Blog Post

What’s Your Spookiest IT Ops Horror Story?

    
October 27, 2016 Author: Rocanauts

If you’ve been working in the industry long enough, or are an avid tech tinkerer and all-around computer geek, you’ve likely lived through an awful IT-related horror story. In the spooky spirit of Halloween, we asked some of our Rocanauts to share their scariest IT Ops horror stories from across their careers and personal lives.

horror-stories.jpgThink you can one-up these? Comment below or respond to our post on LinkedIn for Facebook with YOUR spookiest IT Ops horror story – the best one will win a free Context is Everything t-shirt!

Michael Guenther, Customer Success Engineer (@SourestKraut)
My wife had an undead Microsoft Exchange server that rose from the grave to wreak havoc. She had taken a physical Exchange server, virtualized it, and shut the old physical box down. They were running off the identical virtual version of everything and just left the old box in the rack because there was no hurry to get rid of it. A few months later, everyone’s Outlook clients kept saying they were offline, then back online, then offline again. They double-checked the virtual server and there was nothing wrong with it.  Networking looked okay as well. Eventually they figured out that for some crazy reason the old physical box had powered itself back on, and the virtual and the old physical server were wrestling over the IP address. Fortunately, it happened in the wee hours of the morning, so their Exchange data stores didn’t get too jumbled. They went in and cut the cord to the old physical box and its network connection just to be sure it wouldn't come back to life and haunt them again. The moral of the story: always unplug decommissioned servers!

Zachary Joyner, Tools and Automation Engineer
I once worked on team responsible for a real-time message processing system for medical records that fed several downstream products including a drug interaction and disease prevention application. One night we noticed our queues were backing up for about an hour and that our CPUs were spending lots of time waiting for disk even though our disk usage was constant. If the queues get full they can't take on new data, leading to data loss and data not getting to the downstream products. We contacted our sister operations team for investigation, who then contacted four additional operations teams. We spent two weeks proving our system was not the problem. After they finally believed that we had an infrastructure problem, we spent months trying different approaches from the different teams. After many weekly meetings of 20 people and multiple planned outages, the final 'fix' was to move to a completely different storage system and endure one more planned outage. All because everyone was looking at different siloed dashboards and no one had a complete picture of what was going on.

Alan Gardner, Platform Engineer (@alanctgardner)
My team once stood up a client's on-prem, 50-node Hadoop cluster one day. The next day, we logged in and all the CPUs were pegged at 100%. Connect to one of the boxes, someone was mining Bitcoins on every node on the cluster! Talk about Trick or Treat…!

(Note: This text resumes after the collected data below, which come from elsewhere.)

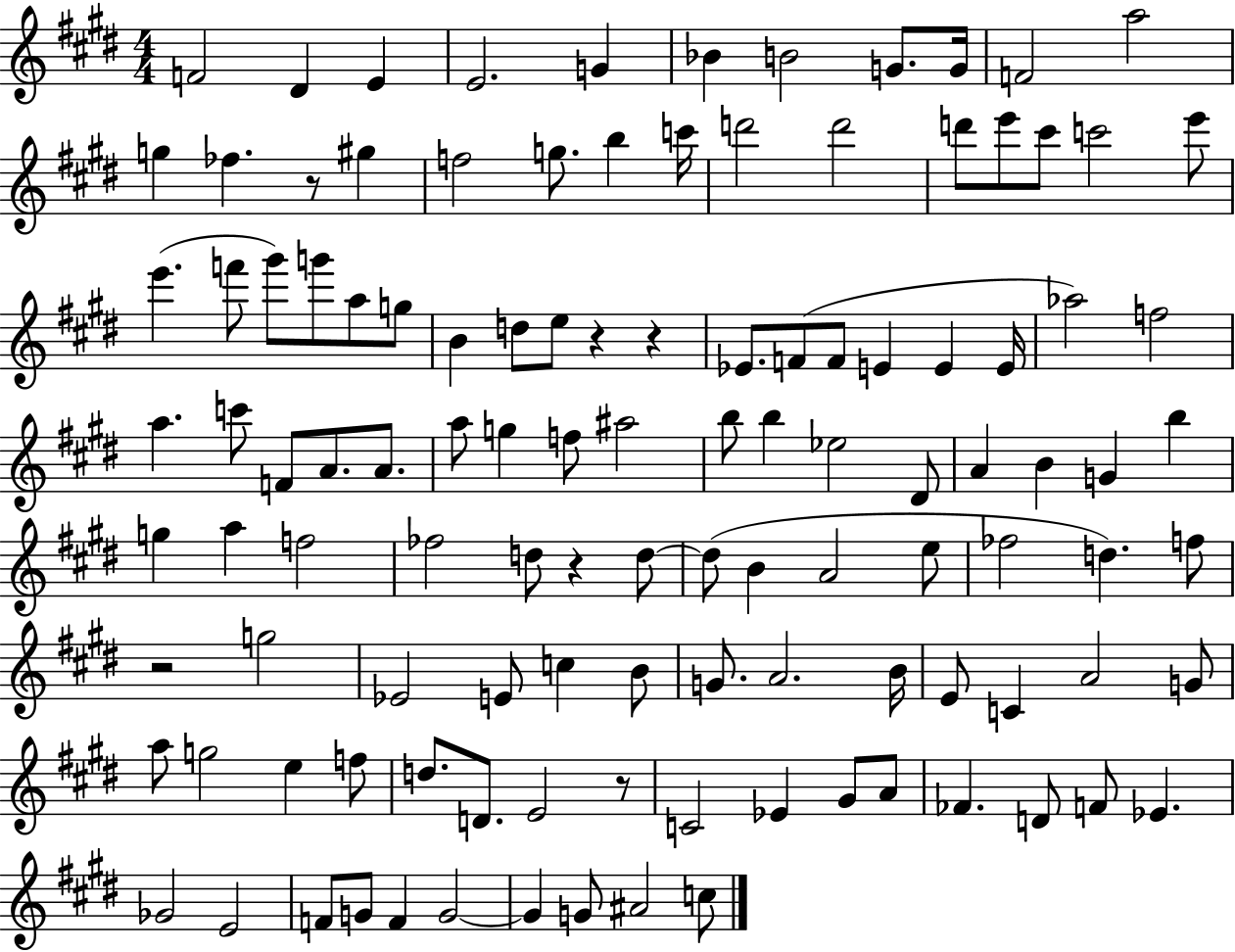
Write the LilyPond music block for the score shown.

{
  \clef treble
  \numericTimeSignature
  \time 4/4
  \key e \major
  f'2 dis'4 e'4 | e'2. g'4 | bes'4 b'2 g'8. g'16 | f'2 a''2 | \break g''4 fes''4. r8 gis''4 | f''2 g''8. b''4 c'''16 | d'''2 d'''2 | d'''8 e'''8 cis'''8 c'''2 e'''8 | \break e'''4.( f'''8 gis'''8) g'''8 a''8 g''8 | b'4 d''8 e''8 r4 r4 | ees'8. f'8( f'8 e'4 e'4 e'16 | aes''2) f''2 | \break a''4. c'''8 f'8 a'8. a'8. | a''8 g''4 f''8 ais''2 | b''8 b''4 ees''2 dis'8 | a'4 b'4 g'4 b''4 | \break g''4 a''4 f''2 | fes''2 d''8 r4 d''8~~ | d''8( b'4 a'2 e''8 | fes''2 d''4.) f''8 | \break r2 g''2 | ees'2 e'8 c''4 b'8 | g'8. a'2. b'16 | e'8 c'4 a'2 g'8 | \break a''8 g''2 e''4 f''8 | d''8. d'8. e'2 r8 | c'2 ees'4 gis'8 a'8 | fes'4. d'8 f'8 ees'4. | \break ges'2 e'2 | f'8 g'8 f'4 g'2~~ | g'4 g'8 ais'2 c''8 | \bar "|."
}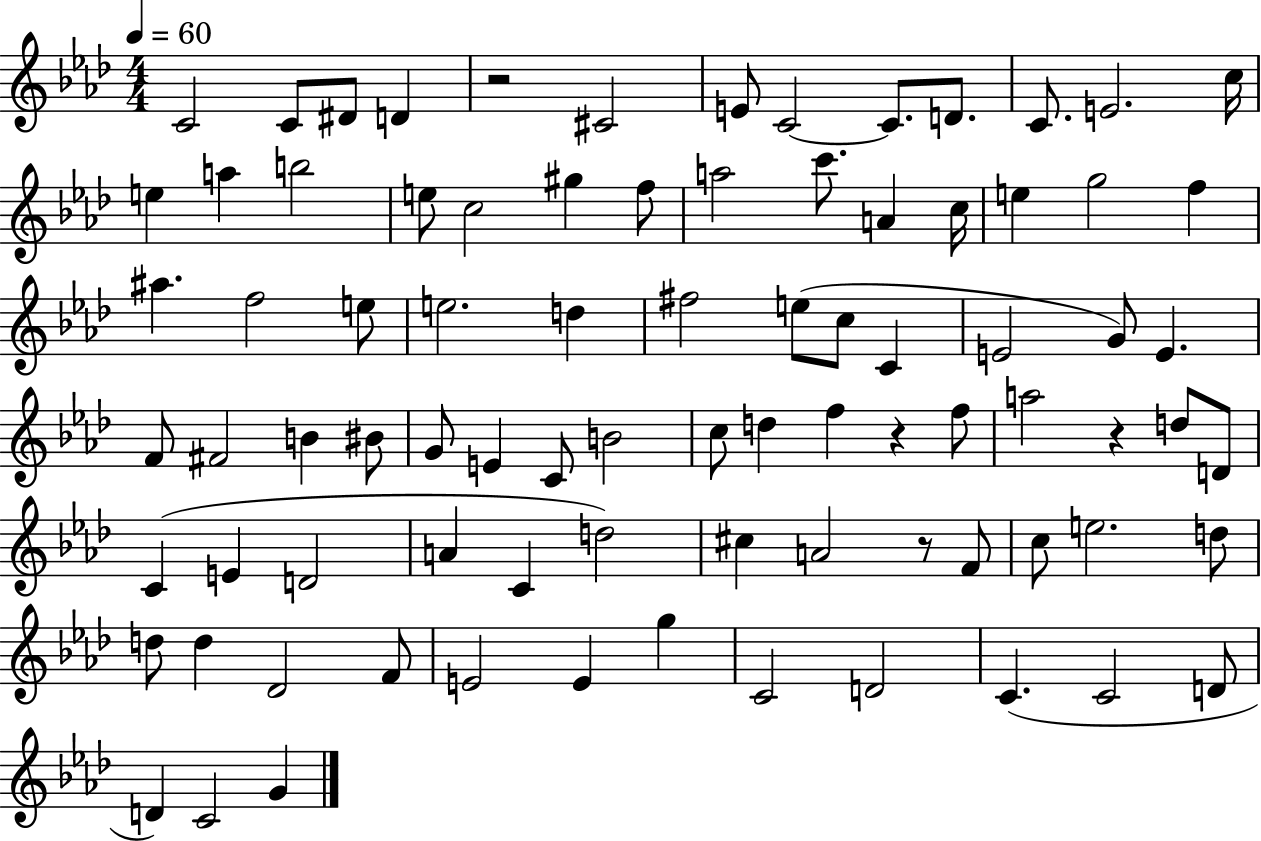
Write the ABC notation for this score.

X:1
T:Untitled
M:4/4
L:1/4
K:Ab
C2 C/2 ^D/2 D z2 ^C2 E/2 C2 C/2 D/2 C/2 E2 c/4 e a b2 e/2 c2 ^g f/2 a2 c'/2 A c/4 e g2 f ^a f2 e/2 e2 d ^f2 e/2 c/2 C E2 G/2 E F/2 ^F2 B ^B/2 G/2 E C/2 B2 c/2 d f z f/2 a2 z d/2 D/2 C E D2 A C d2 ^c A2 z/2 F/2 c/2 e2 d/2 d/2 d _D2 F/2 E2 E g C2 D2 C C2 D/2 D C2 G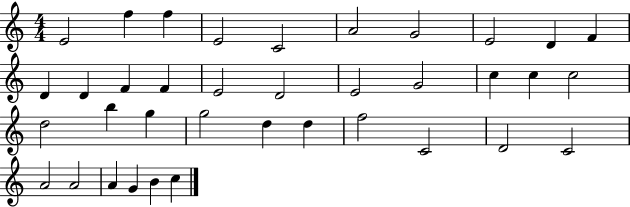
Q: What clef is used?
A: treble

Mark Tozzi, Platform Engineer (@not_napoleon)
About eight years ago I had an issue where FTP was broken.  I was working on an ETL pipeline, and an early step was to FTP a bunch of log files from our other data centers to the data warehouse servers (which is a horror story on its own). The transfer would periodically fail at the FTP step, but not always, and we were "sure" FTP wasn't the issue since it's pretty widely used. Every time it would come up we'd spend a few days digging in, unable to reproduce it and give up, only to repeat in a few weeks. Eventually someone tracked down that it only happened between a couple of rarely used servers, and eventually discovered that MTU (minimum transfer unit) automatic negotiation between a specific version of windows and a specific version of BSD (both dreadfully outdated) did not succeed. Upgrading to something relatively modern fixed it. If we'd have been able to see early on that it always happened between the same two servers, we probably would have found the issue sooner, but even so, it was really obscure.